In: Finance
Business risk is typically described as the exposure a company or organization has to a number of factors that may lower the company’s profits, which may trigger a business failure. Although there are many business risks, two major risk categories are systematic risks and unsystematic risks.
Respond to the following in a minimum of 175 words:
Explain the differences between systematic risks
and unsystematic risks.
Briefly discuss two sources of systematic risks and
two sources of unsystematic risks.
Systematic risks are otherwise known as Market risks, are those risks arising due to macro economic factors. As these risks affect the entire macro economy such risks cannot be diversified as the entire portfolio would be affected.

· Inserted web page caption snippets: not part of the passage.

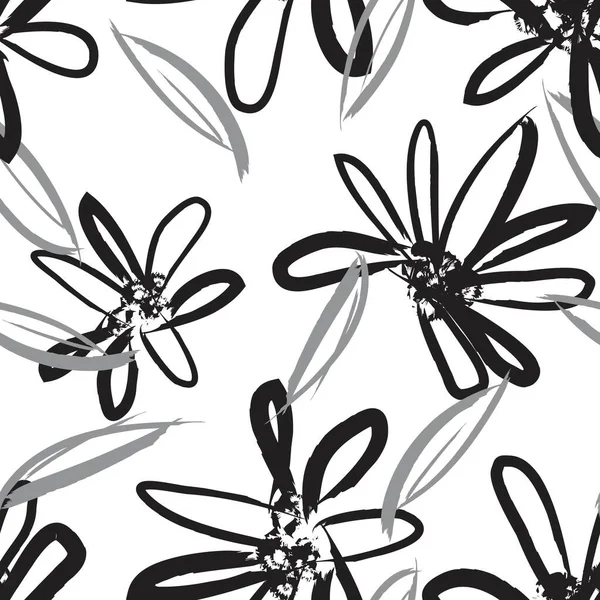 White Floral Pinselstriche Nahtlose Muster Hintergrund Für Modedrucke Grafiken Hintergründe — Stockvektor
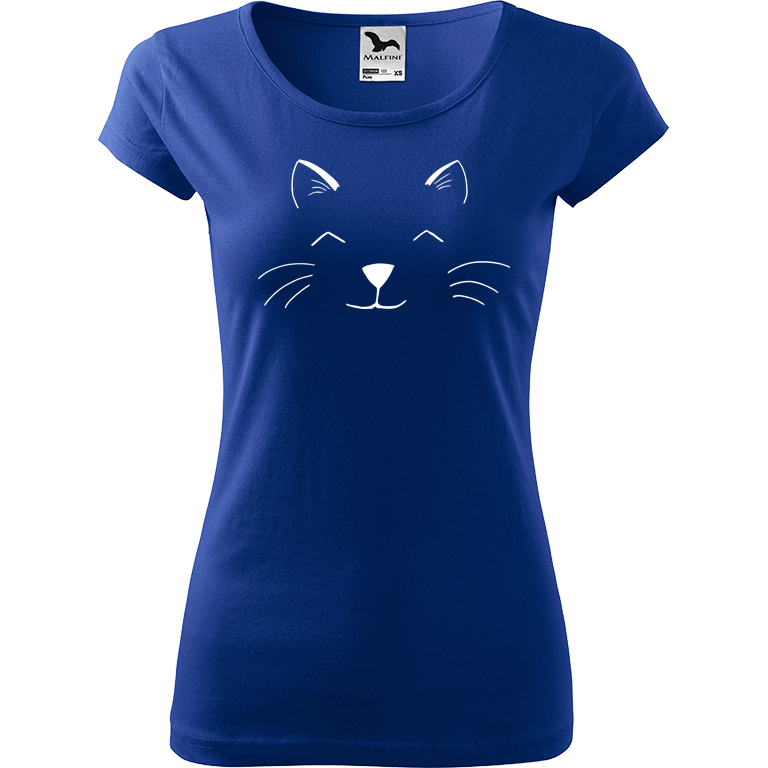 Ručně malované dámské bavlněné tričko - Cat Face Barva trička: MODRÁ, Velikost trička: S, Barva motivu: BÍLÁ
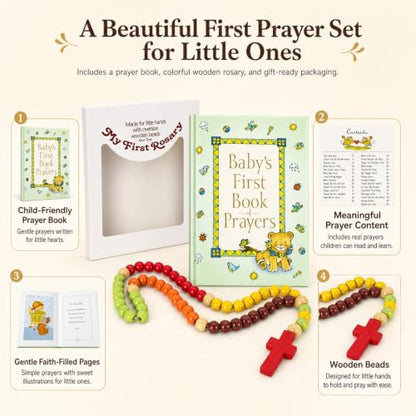 Baby Baptism Gift Set with First Rosary and Prayer Book - Keepsake Religious Gift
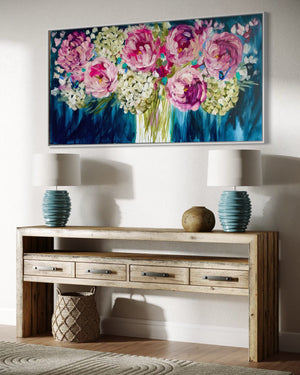 Moonlit peony and hydrangea -Original on gallery canvas 75x150 cm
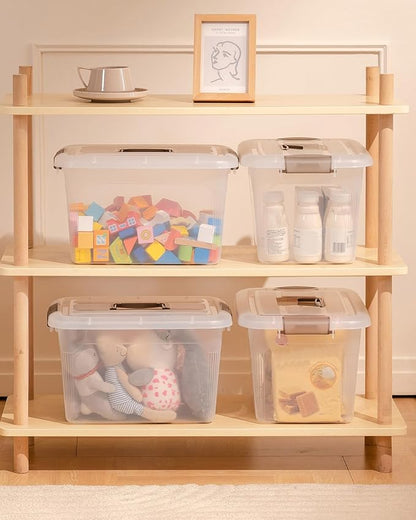 Citylife 4 Packs 6 QT Storage Bins with Lids Clear Plastic Bins with Grey Handle Stackable Storage Containers for Organizing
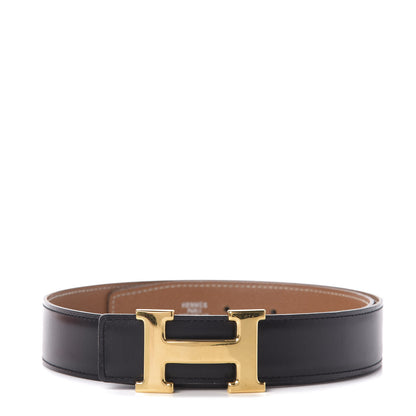 Hermes Box Courchevel 32mm H Belt 75 Black Gold 1 of 8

Some of the examples of a systematic risk are
a) Recession
A recession affects the entire economy and every asset class including debt, equity would be affected due to this phenomena. Any attempt to diversify would not fetch returns for the investor.
b) Corporate Tax
Any attempt by the government to tinker with the corporate tax can affect both debt and equity instruments, thus adding to the systematic risks
On the other hand ,unsystematic risks arise due to the risks inherent in the firm or firm specific risks. These risks can be diversified by an investor to yield the benefits of risk mitigation. Some of the major unsystematic risks are
a) Credit Risk
A particular firm may be facing liquidity crunch and as a result unable to pay its creditors. This could give rise to credit risk and as a result such a risk can be diversified by an investor.
b) Exchange rate risk
A firm that is majorly focused on export revenue may face exchange risk if not properly hedged. Such firms can also be considered for diversification by an investor if he/she wishes to reduce the risk arising from it.